After conducting its forum non conveniens analysis, the district court accepted Novartis’ position that the action should be adjudicated in Switzerland. The court found that Switzerland was an adequate alternative forum because Swiss courts would permit litigation of the “essential subject matter of [p]laintiffs’ claims” under the Swiss Merger Act. The court next rejected plaintiffs’ argument that their forum choice was entitled to considerable deference since they were “U.S. citizens who purchased shares on the NYSE.” Instead, the court concluded that the claims arose out of “voluntary investments in a foreign corporation whose corporate affairs are governed by Swiss law.” Although Alcon’s shares traded on the New York Stock Exchange, the court viewed the U.S. plaintiffs as challenging a “Swiss transaction governed by Swiss law.” As to the third factor (the balancing of public and private interests), the court found that these interests strongly supported dismissal. The court commented that Novartis, Alcon, many of the relevant witnesses, and the related documentary evidence were in Switzerland. Moreover, the “core events, operative facts, applicable law, and associated public policy interests at issue [were] predominately local to Switzerland.” The court noted that “[v]alidating Plaintiffs’ efforts to prevent the consummation of this decidedly Swiss transaction through litigation in a United States court under United States law would undoubtedly provoke similar attempts to enjoin foreign commercial transactions whenever a foreign country’s corporate law is less favorable to a plaintiff’s interests. Principles of international comity and the internal affairs doctrine developed in the choice of law context, though not directly applicable here, are both instructive as to the perils such an approach would entail.” Thus, the court dismissed the entire action provided defendants consented to jurisdiction in any litigation in Switzerland.
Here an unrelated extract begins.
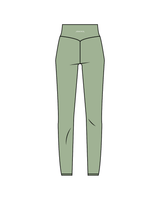 The Basic Legging - Pistachio - Armonia - Left Thigh / Back - White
Shareholder class action litigation challenging mergers and acquisitions is not uncommon in the U.S. courts. Where, however, the essence of a challenged transaction is foreign, Cadbury and Alcon highlight the applicability of the forum non conveniens defense to such litigation,

particularly when an alternative foreign forum is available that could provide some form of potential relief for U.S. shareholders. Even if some of the shareholders of the foreign companies are United States residents and purchased their shares on a U.S.-based stock exchange, Cadbury and Alcon demonstrate that U.S. courts may nonetheless apply the forum non conveniens doctrine in declining to resolve such disputes.


[1] In re Alcon Shareholder Litig., 2010 WL 2076991, at *12 (S.D.N.Y. May 24, 2010). The court denied plaintiffs’ motion for leave to file an amended complaint on July 2, 2010. In so doing, the court found that “even if Plaintiffs were granted leave to file their proposed amended complaint, the court’s forum non conveniens analysis would not change, and leave to amend would thus be futile.”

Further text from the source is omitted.